'''
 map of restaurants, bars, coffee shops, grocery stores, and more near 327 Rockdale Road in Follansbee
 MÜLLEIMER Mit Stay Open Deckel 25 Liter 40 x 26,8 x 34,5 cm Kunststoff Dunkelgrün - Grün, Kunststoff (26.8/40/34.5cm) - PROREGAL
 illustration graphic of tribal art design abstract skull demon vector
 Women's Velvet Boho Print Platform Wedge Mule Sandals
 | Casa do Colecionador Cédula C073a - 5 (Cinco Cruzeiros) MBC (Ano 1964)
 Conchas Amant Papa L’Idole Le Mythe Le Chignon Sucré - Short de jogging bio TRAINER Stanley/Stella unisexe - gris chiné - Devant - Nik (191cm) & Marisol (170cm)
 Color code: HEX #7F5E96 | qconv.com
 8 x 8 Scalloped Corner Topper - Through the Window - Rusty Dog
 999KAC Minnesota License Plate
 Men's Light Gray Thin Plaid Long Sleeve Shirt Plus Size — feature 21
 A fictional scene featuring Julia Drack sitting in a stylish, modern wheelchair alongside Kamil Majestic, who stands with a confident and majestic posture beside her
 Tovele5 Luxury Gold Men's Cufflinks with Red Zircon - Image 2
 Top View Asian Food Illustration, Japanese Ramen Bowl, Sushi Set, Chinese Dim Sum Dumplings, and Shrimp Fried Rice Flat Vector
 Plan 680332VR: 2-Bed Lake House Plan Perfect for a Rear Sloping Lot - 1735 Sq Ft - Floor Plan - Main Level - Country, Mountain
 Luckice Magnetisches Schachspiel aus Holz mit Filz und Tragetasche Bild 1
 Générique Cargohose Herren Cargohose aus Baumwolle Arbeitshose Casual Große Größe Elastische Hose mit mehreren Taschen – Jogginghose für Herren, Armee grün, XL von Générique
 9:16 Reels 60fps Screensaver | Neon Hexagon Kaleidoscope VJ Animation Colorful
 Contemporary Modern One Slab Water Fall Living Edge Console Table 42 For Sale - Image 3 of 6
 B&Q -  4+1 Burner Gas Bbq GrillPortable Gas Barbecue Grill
'''
■ **Problem**: Among the lines above, count those that include the word "with". Give only the result.

■ **Response area**: 2